Seventeen high school students from Camden County came to the Yogi Berra Museum & Learning Center to present their innovative design projects inspired by the world of sports and the life of the Hall of Fame catcher to a panel of expert judges. The day was the culmination of a month-long summer program held at Camden County College during which the students learned to use Solid Edge® software, a state-of-the-art computer-aided design program (CAD) created by Siemens PLM Software. Challenge participants implemented the software to design 3D prototypes that addressed real-world problems from the world of sports. Prototypes were later printed on a 3D printer.
The students began the day participating in the Museum’s STEM programs, making use of PITCH, the Museum’s new interactive installation, and other radar technology to learn about physics and math. After lunch, four teams presented their designs to the panel of judges that included Lars Nauheim, director of Global Operations for Siemens; Donna Wright, senior marketing manager of Siemens; Patti Jo Rosenthal, manager of K-12 Programs for ASME (American Society of Mechanical Engineers); and Kavitha Davidson, professional sports writer. Projects included bamboo-lined shin guards to prevent skin rashes, customized knee pads to protect the knees, sports goggles enhanced with augmented reality, and “Ear Buddy,” an ear bud featuring GPS for visually impaired runners.
“The student solutions were incredibly creative and ambitious,” said Eve Schaenen, the Museum’s executive director. “As a Learning Center, the Museum has worked hard in the last year to develop fun and exciting ways to engage young people in STEM. This new partnership with Siemens and the Camden County Schools represents another way for us to leverage the common bond of sports to expose students to important subjects like engineering and digital tools like Solid Edge. Our hope is to build on today’s experience so that this design challenge can reach many more students in the future.”

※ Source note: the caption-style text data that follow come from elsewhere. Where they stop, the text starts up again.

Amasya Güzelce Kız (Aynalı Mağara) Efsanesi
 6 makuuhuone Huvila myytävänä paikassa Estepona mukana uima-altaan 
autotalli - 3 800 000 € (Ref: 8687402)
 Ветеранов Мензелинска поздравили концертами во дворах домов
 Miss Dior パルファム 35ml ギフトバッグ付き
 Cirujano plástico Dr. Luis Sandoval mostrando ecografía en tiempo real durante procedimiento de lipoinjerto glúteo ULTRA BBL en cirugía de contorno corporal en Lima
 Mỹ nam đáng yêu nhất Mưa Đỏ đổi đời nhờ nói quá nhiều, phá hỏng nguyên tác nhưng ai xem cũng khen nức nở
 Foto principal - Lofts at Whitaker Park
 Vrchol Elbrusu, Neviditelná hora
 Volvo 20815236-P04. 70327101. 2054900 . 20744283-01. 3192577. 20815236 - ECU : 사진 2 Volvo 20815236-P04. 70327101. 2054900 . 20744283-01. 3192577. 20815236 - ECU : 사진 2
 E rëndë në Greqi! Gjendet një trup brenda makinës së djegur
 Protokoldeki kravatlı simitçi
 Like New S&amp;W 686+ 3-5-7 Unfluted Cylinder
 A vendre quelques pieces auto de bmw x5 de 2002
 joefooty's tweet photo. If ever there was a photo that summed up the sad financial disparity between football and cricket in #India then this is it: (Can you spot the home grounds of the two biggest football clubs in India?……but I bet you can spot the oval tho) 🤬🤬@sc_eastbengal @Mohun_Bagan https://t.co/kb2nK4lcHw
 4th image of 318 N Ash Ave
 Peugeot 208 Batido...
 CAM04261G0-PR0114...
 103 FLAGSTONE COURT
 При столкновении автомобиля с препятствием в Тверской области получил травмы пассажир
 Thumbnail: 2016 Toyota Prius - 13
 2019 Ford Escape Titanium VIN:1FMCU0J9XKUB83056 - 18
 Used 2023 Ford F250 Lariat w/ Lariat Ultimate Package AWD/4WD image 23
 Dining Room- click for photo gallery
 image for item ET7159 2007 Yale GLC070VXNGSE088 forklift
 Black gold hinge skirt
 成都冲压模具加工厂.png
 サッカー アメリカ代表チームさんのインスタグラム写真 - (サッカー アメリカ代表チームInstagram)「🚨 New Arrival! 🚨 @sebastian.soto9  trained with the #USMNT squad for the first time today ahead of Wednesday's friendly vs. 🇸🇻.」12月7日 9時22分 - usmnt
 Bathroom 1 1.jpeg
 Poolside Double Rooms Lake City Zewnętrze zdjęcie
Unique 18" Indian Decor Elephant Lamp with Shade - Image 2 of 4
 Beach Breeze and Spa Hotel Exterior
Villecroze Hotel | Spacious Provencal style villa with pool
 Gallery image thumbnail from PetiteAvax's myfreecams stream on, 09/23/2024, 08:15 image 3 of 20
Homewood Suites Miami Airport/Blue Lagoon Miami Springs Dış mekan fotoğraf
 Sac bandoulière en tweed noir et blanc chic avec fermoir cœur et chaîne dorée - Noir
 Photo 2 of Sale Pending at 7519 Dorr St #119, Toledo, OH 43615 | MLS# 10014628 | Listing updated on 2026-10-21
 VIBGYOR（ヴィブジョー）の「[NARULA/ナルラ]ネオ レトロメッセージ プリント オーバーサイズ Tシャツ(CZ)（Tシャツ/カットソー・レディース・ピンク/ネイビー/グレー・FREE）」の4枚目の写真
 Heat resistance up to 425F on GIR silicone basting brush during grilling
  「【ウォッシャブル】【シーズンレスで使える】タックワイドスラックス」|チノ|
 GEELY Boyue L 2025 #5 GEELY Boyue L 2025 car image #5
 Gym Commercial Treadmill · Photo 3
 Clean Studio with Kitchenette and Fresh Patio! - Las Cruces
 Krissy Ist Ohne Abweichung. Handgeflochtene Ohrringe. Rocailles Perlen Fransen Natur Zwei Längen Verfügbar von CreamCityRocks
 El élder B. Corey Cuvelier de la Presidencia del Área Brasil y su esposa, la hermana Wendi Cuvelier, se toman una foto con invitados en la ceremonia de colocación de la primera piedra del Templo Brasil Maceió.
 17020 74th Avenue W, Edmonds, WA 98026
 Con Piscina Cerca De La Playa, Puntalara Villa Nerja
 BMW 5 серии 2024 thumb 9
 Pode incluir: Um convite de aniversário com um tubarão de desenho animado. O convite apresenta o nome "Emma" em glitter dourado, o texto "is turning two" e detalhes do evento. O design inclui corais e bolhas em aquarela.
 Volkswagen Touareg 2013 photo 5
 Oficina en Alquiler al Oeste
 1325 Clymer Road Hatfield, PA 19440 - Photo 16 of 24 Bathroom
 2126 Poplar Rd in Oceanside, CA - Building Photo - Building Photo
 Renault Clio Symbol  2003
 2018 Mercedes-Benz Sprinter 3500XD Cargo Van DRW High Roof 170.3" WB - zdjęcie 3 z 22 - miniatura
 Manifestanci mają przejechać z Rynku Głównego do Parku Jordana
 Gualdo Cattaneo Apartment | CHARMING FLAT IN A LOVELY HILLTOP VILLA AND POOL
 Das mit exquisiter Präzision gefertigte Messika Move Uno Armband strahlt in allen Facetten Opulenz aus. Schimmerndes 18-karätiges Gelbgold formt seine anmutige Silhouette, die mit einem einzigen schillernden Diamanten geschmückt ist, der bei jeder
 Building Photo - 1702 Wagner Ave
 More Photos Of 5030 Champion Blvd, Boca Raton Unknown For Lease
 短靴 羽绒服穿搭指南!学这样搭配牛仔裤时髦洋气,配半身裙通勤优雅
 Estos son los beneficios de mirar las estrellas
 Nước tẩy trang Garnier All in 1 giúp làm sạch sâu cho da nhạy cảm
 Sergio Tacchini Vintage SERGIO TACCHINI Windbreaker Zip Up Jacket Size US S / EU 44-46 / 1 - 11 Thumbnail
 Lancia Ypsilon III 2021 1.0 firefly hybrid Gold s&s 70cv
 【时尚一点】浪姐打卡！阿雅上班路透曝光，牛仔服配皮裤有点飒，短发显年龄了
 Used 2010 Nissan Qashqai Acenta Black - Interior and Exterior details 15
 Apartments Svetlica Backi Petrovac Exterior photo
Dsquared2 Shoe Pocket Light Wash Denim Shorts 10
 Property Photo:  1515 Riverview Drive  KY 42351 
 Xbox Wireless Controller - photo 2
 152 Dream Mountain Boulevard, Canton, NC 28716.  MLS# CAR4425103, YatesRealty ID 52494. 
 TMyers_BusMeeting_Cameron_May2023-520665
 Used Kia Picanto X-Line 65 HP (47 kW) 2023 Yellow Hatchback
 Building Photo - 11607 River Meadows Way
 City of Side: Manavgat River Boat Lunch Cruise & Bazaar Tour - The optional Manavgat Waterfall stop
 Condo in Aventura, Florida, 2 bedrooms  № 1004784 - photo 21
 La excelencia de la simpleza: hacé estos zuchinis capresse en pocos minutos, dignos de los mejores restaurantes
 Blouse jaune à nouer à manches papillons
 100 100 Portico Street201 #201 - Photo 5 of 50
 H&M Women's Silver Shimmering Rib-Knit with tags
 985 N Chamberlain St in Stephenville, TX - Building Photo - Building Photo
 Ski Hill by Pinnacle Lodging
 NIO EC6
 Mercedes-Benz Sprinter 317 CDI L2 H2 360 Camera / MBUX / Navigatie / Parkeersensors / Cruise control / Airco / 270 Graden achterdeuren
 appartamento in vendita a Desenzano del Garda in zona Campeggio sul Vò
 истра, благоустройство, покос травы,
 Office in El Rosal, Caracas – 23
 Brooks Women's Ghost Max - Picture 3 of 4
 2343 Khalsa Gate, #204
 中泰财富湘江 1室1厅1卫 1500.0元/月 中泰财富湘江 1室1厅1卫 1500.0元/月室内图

In the end, the four judges were so impressed with all the projects that they awarded each participant an Amazon gift card and a license of Solid Edge software for students, along with T-shirts and a Yogi Berra Museum #8 ring in honor of the player who inspired the competition.
Lars Naunheim, director of Global Operations for Siemens – and an ardent baseball fan – was full of enthusiasm for the pilot program, which he helped spearhead after a visit to the Museum this past February. “Siemens PLM Software is pleased to collaborate with the Yogi Berra Museum to offer a summer camp program which introduces students to STEM and engineering with a design challenge that combines sports and math in a fun and creative way. It is a unique opportunity and privilege to support the museum’s mission of offering sports-based educational programs and to promote Yogi’s values around teamwork and excellence.”